▸ **To do**: Below are some records. Quote exactly the lines from the one that contains "BAPE X SPOTIFY" through the last, both included, and leave out the pictures.

▸ **The records**:
=-=-=-=-=

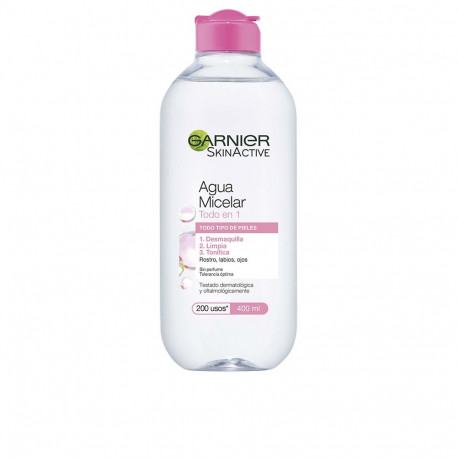 GARNIER SKINACTIVE agua micelar todo en 1 400 ml
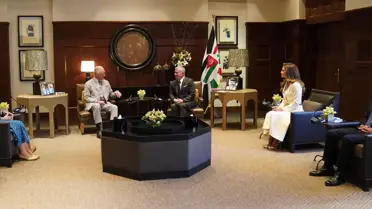 Ürdün Kralı 2. Abdullah, Amman'da İngiltere Veliaht Prensi Charles ile görüştü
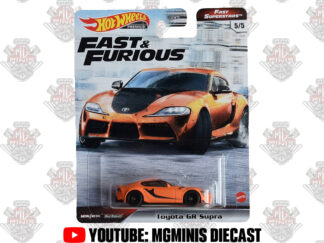 Hot Wheels Premium Toyota Supra Laranja Velozes e Furiosos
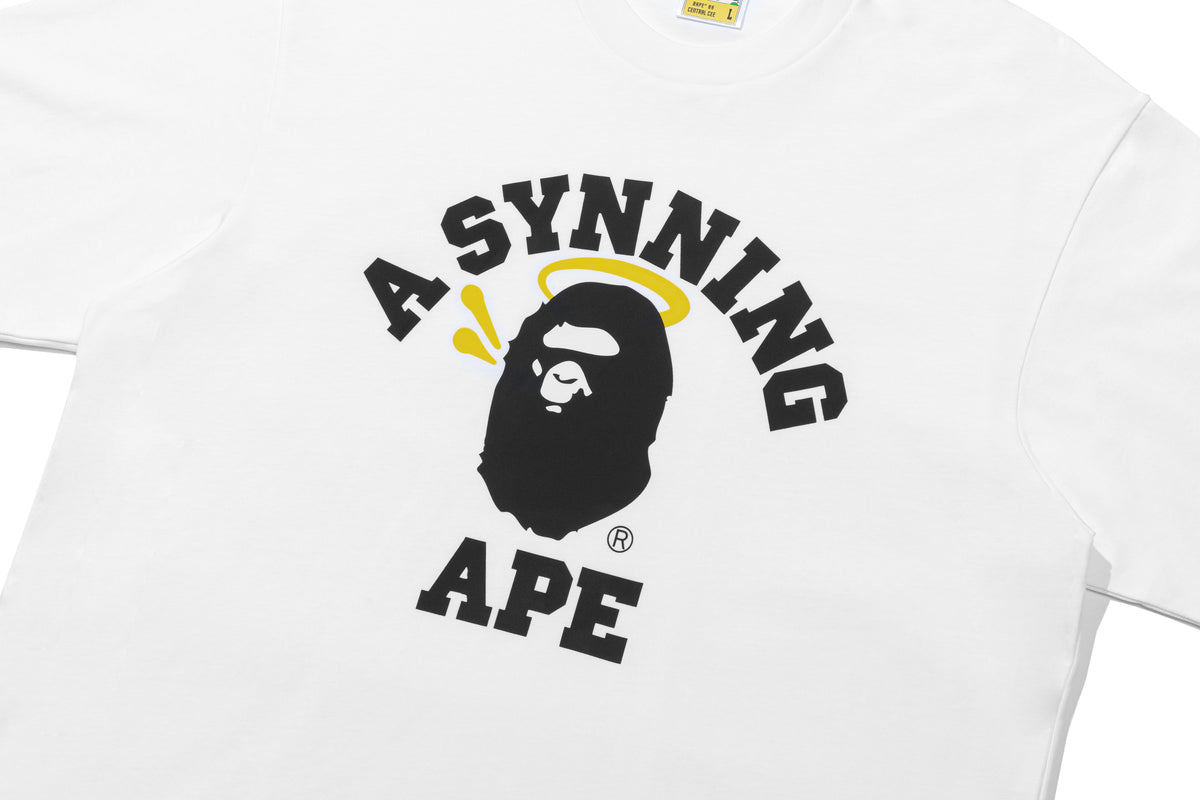 BAPE X SPOTIFY BY CENTRAL CEE COLLEGE RELAXED FIT TEE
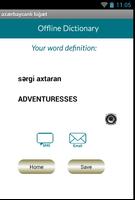 English Azerbaijani Dictionary imagem de tela 2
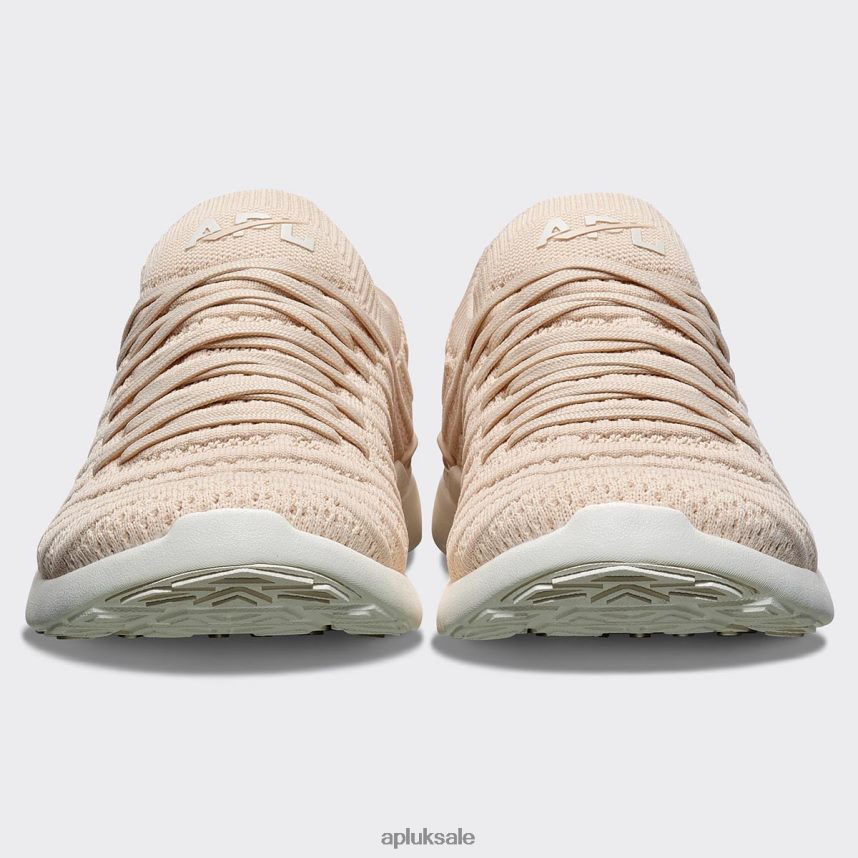 APL TechLoom Wave 62 - VH8XNZ879 APL Shoes UK Warm Silk/Ivory Men Running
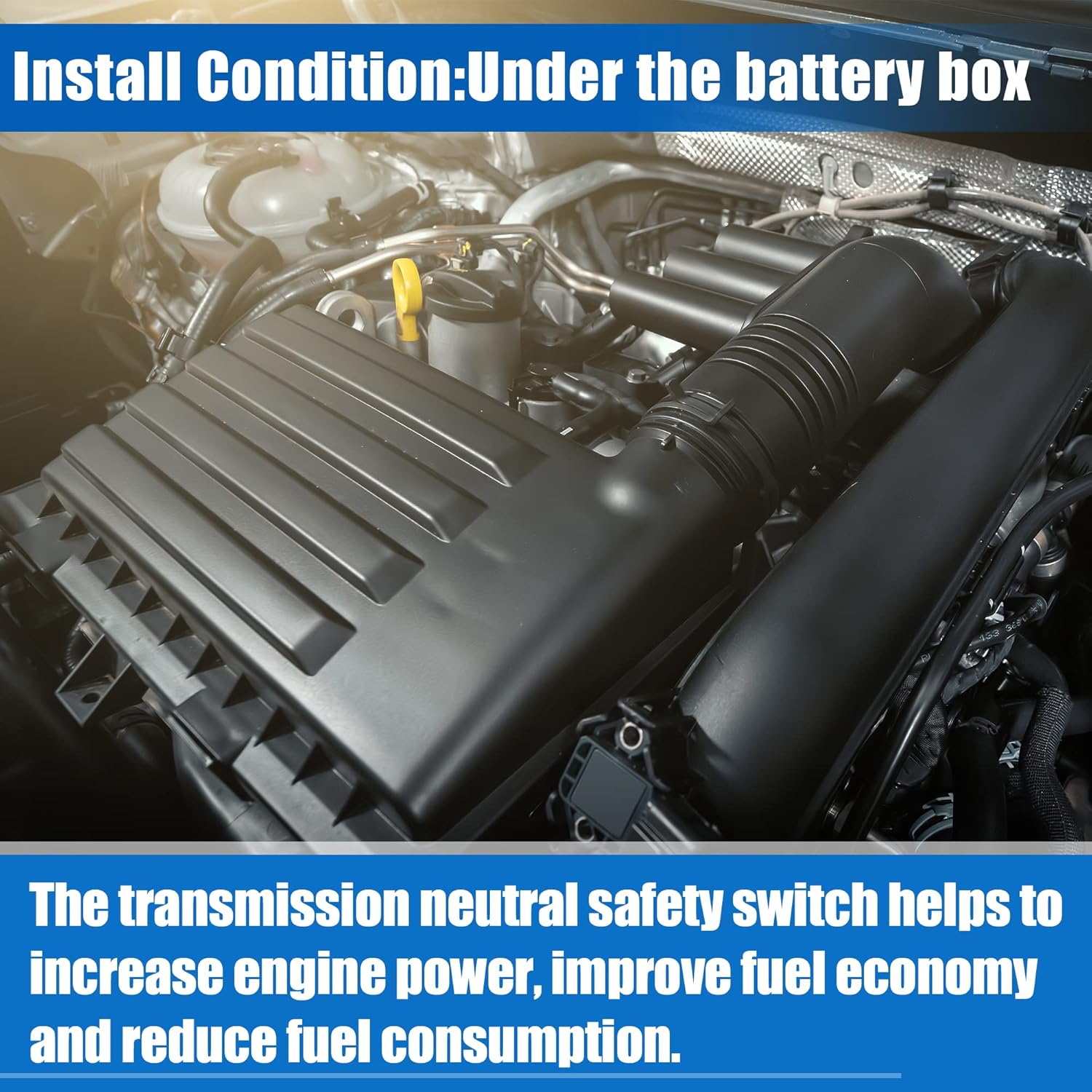 X AUTOHAUX Inhibitor Neutral Safety Switch Automatic Transmission Gear Position Sensor 42700-26500 for Hyundai Accent Limited SE SEL 1.6L L4 - Gas 2018-2019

=-=-=-=-=

▸ **Problem solution**:
 BAPE X SPOTIFY BY CENTRAL CEE COLLEGE RELAXED FIT TEE
 English Azerbaijani Dictionary imagem de tela 2
 APL TechLoom Wave 62 - VH8XNZ879 APL Shoes UK Warm Silk/Ivory Men Running
 X AUTOHAUX Inhibitor Neutral Safety Switch Automatic Transmission Gear Position Sensor 42700-26500 for Hyundai Accent Limited SE SEL 1.6L L4 - Gas 2018-2019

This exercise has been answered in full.